HPE is integrating its Alletra MPX 10000 storage with the two-year-old Private Cloud AI to automatically apply policies for governance and metadata.
Russo said that every agent, inference, and AI workflow depends on context, the background information that makes up the systems working memory and situational awareness to generate relative and accurate responses. Systems that need to rebuild context every time it’s used, tokens are burned and processes are slowed down, with Russo noting that “in AI, memory is no longer a technical detail or a supply chain challenge. It is a strategic resource.”
KV cache removes the need to rebuild the context, meaning that storage becomes active memory for AI, which for HPE means its HPE Alletra Storage X10000 system becomes the repository for that information.
“Not simply to store data, but to keep data, context, and intelligence available wherever AI needs it,” she said. “It reduces the time GPUs spend waiting for data. It increases the amount of useful work your infrastructure can perform.

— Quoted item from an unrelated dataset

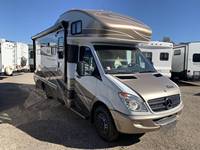 Camping-cars modernes aux normes européennes Caravanes Caravanes de voyage Remorques prêtes à être expédiées Salon mobile de luxe Acheter des camping-cars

And the X10K turns storage into an active part of AI efficiency and is a key contributor to the economic value of AI.”
In tests, Russo said the MX 10000 provides 20 times faster time-to-first-token and 17 higher throughput.
Private Cloud AI servers will come with Nvidia’s Agent Toolkit, which includes the GPU maker’s OpenShell secure runtime, NemoClaw blueprints, and Nemotron models to give developers the tools they need to design, build, run, and orchestrate large-scale multi-agent environments.
HPE’s upcoming ProLiant DL394 Gen12 server, due early next year, will include Nvidia’s new Vera CPUs that are used to support agents with rapid tool calls, orchestration, and real-time data processing.
These points and others address some of the ways HPE is trying to ease the path for enterprises to bringing AI infrastructure to internal datacenters, because that’s where the workloads are heading, according to Cheri Williams, senior vice president and general manager of HPE’s private cloud and flex solutions.
“There’s still a place for experimentation and model training in the public cloud, and you still see customers doing that,” Williams said during a panel discussion. “But when it comes to production, on-prem is where most of the enterprise customers are going. The economics don’t make sense to be in production in the public cloud.”